● **The problem**:
In your copy, reproduce the entries exactly as they are, minus the images.

● **Source material**:

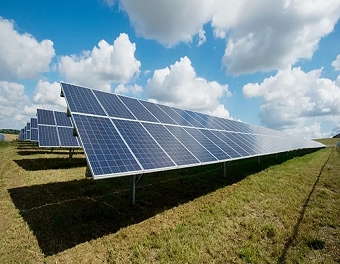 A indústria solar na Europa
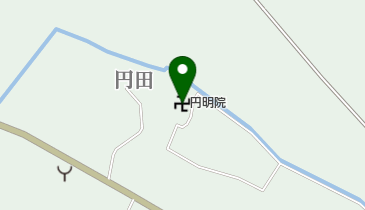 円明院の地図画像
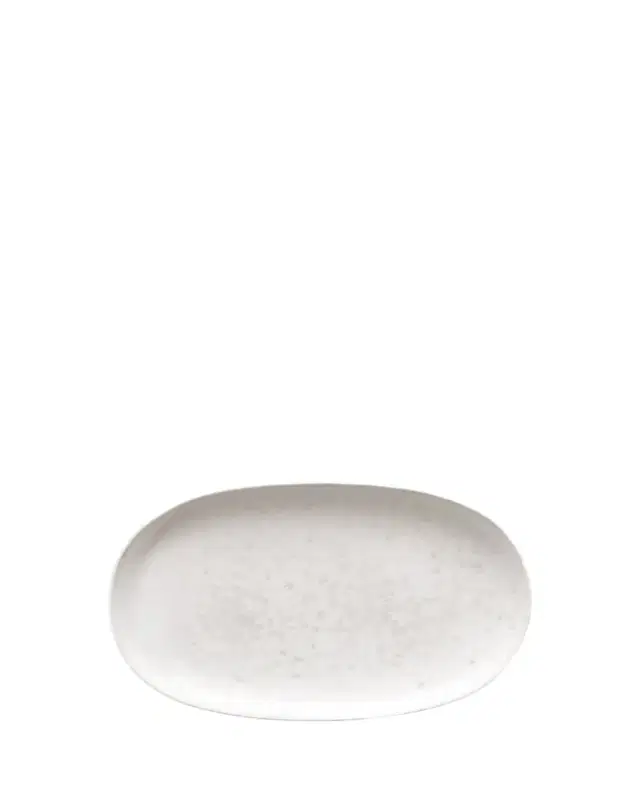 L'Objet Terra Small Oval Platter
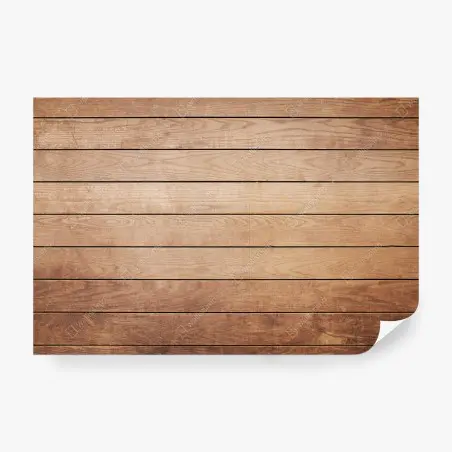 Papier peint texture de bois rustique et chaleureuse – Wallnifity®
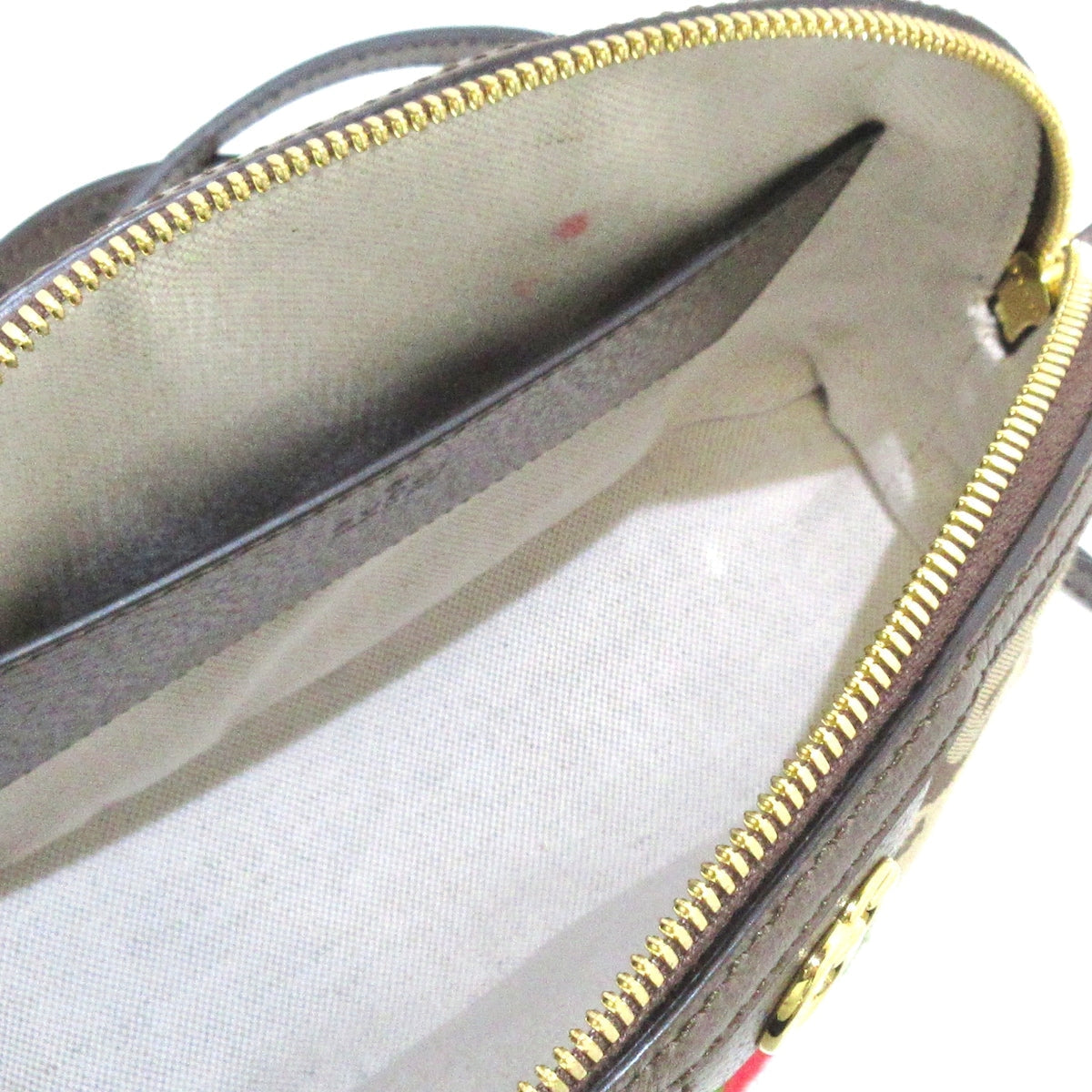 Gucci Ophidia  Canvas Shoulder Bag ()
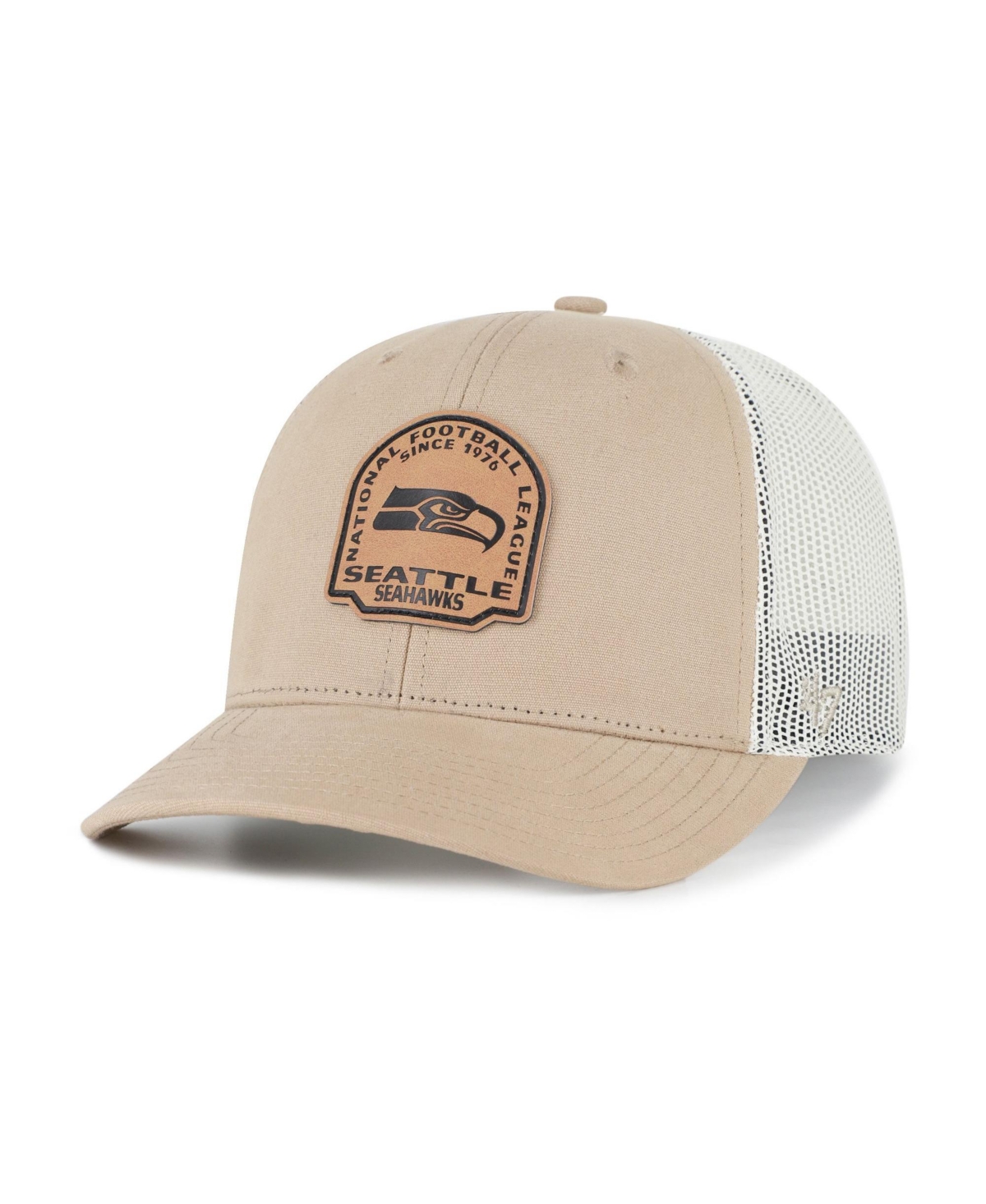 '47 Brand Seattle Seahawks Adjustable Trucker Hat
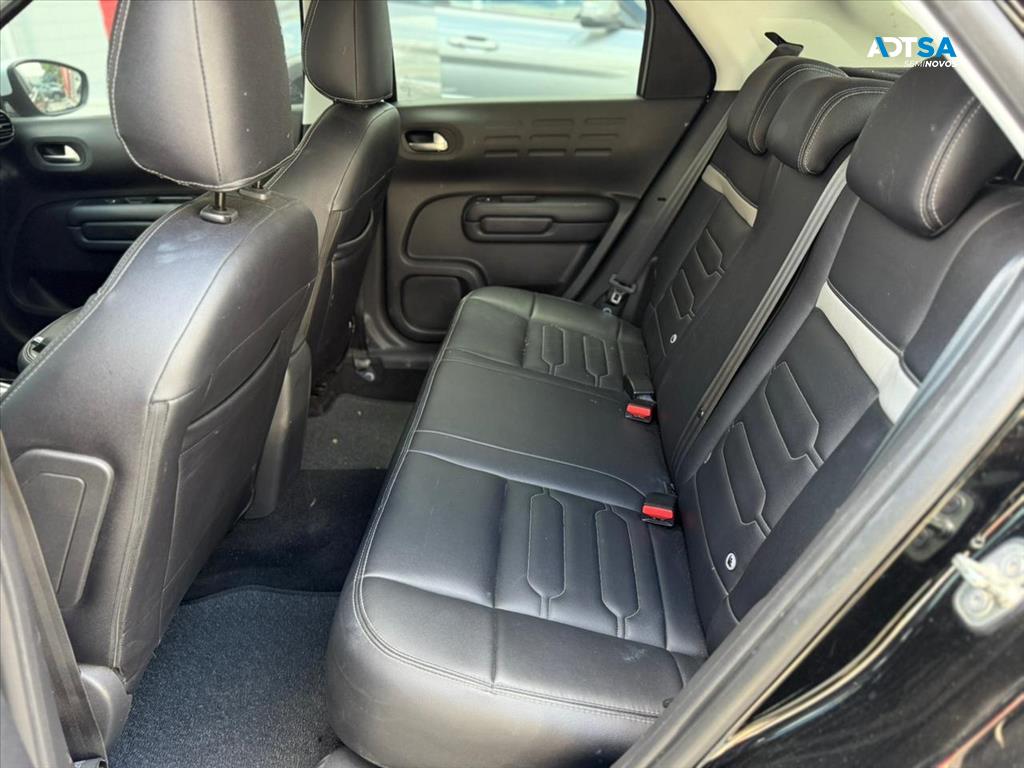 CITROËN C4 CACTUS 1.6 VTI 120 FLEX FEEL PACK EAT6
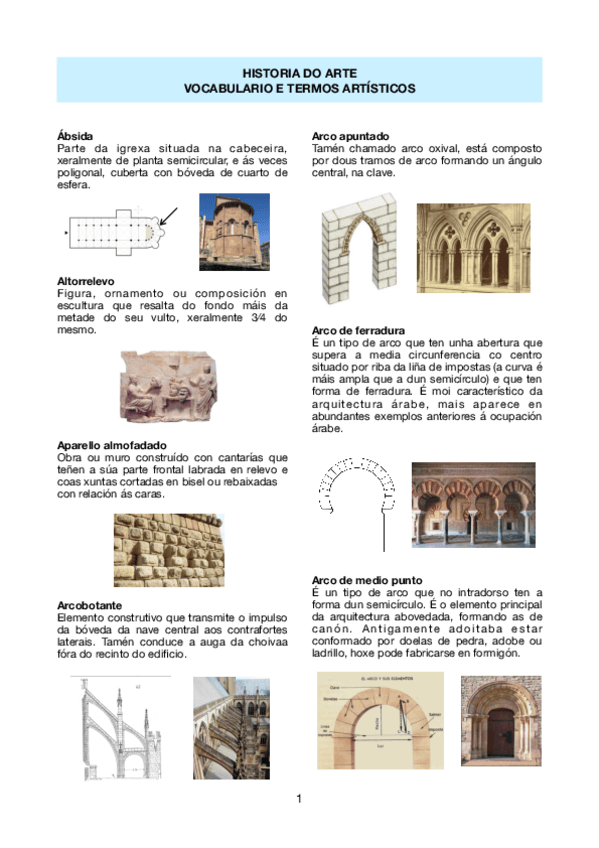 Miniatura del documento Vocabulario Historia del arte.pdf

● **Solution**:
 A indústria solar na Europa
 円明院の地図画像
 L'Objet Terra Small Oval Platter
 Papier peint texture de bois rustique et chaleureuse – Wallnifity®
 Gucci Ophidia  Canvas Shoulder Bag ()
 '47 Brand Seattle Seahawks Adjustable Trucker Hat
 CITROËN C4 CACTUS 1.6 VTI 120 FLEX FEEL PACK EAT6
 Miniatura del documento Vocabulario Historia del arte.pdf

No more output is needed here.